LAWRENCE — When American Amanda Knox was prosecuted for allegedly murdering her roommate in Italy, the trial grabbed sensational headlines on a nightly basis. Both her conviction and eventual acquittal in 2011 drew criticism from the public, who followed the trial and verdict without knowledge of the Italian criminal justice system and assumed American legal traditions applied, a University of Kansas professor has written.
John W. Head, Robert W. Wagstaff Distinguished Professor of Law at KU, has authored a journal article examining the Knox trial and the consternation it caused, both in America and Italy, and pointing out that there were two major problems — translational and transplantational — in most criticisms of the case.
“If someone is going to offer broad criticisms of an entire legal and criminal justice system, they ought to at least have an understanding of the culture of the country and its legal system,” Head said. “I doubt that was the case with most of the people who were offering the loudest criticisms in the Amanda Knox trial.”
Head was living and working in Trento, Italy, in 2009 on a Fulbright Fellowship when the Knox trial was being conducted. In Italy, as in the U.S., it garnered sensationalist coverage in the media every day for weeks. A specialist in comparative law, Head was fascinated by the trial.
“While I was in Italy, I was working on a comparative law course book. One of the angles I was working on was comparing criminal procedures in Europe, the United States and China. So this case and all the attention it was getting really grabbed my interest,” Head said.
Knox and her co-defendant, Raffaele Sollecito, were accused of murdering Knox’s British roommate, Meredith Kercher, in 2007. She was convicted in late 2009 but was granted a retrial in 2011 and was eventually found not guilty and returned to the U.S. The original verdict was widely seen as flawed, especially in the United States.
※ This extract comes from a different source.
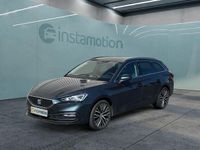 Gebraucht Seat Leon ST XCELLENCE 150 PS (110 kW) 2020 Grau Kombi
The first problem with most of the criticism, Head argues, was translational in character, in the sense that many observers are not able to “translate” their own expectations of criminal procedure into a foreign cultural setting.
The complaint was often made, for instance, that the jury in the Amanda Knox trial was not sequestered. What people failed to understand was that Italian juries are rarely sequestered as they are in the States. And instead of 12 jurors of the defendant’s peers, the Italian system employs three judges and six “lay assessors of facts,” Head said. The latter are allowed to consult with the former for a number of reasons, including offsetting any potential prejudice they may have from exposure to the media.
Another fundamental difference is that in European systems, the societal expectation if someone is found guilty is to decide what the criminal justice system can do to mend the tear in the fabric of society and reintegrate the person back into that society. That concept is all but forgotten in America, Head said. Those differences failed to translate to an understandable reality for most American critics, he added.
Those complications contribute to a second problem, transplantational misunderstandings. While it is true that Italian, European and many other justice systems around the world have been “Americanized” to a certain extent over the last three decades, it is difficult to pick and choose which aspects of a legal system to “transplant” or impart into another. A prime example of that problem was an aggressive prosecutor in the first trial who was similar to what one would see in American courts.
“The rest of the system was not ready for that sort of aggressiveness,” Head said. “And many thought the other side — that is, the Amanda Knox side of the trial — was not ready for that, especially without an equally aggressive defense.”
Those problems and misunderstandings, when coupled with a changing society, can pose significant and unprecedented challenges for legal systems, such as the Italian criminal justice system. Growing immigration and multinationalism can stand at odds with nationalist and traditional understandings, Head said. While the tradition may be to re-integrate someone into society after committing a crime, people from other parts of the world may not want to be re-integrated.
“That, I think, throws questions on the tried and true system of criminal procedure and what the process will be 10, 20 years from now when things seem to be changing so quickly,” Head said.
On top of all that, the intense media scrutiny in multiple countries placed a strain on the legal system as well, he added. This also made the trial troubling
Head’s article was published in a “Festschrift,” or special journal published in celebration of the 70th birthday of Feridun Yenisey, a world-renowned legal scholar from Turkey. Yenisey, who has a long association with the KU School of Law, is well-known for his expertise in criminal procedure and in Turkey’s campaign for legal reform. This made an examination of a fascinating criminal procedure case especially appropriate, Head said.
Knox and Sollecito are still in the midst of legal battles concerning the case. Their murder conviction was reinstated, and they are awaiting a final ruling, which is expected as early as next month. In the meantime, Knox lives in Seattle and is working as a writer.
Cases such as the Knox trial are a poignant example of the value of comparative law and even more so the value of cross-cultural understanding.
“I think we simply miss a lot because we don’t pay close enough attention to the underlying cultural differences between legal systems and especially nations,” Head said. “Unfortunately, our response is often inadequate because of that.”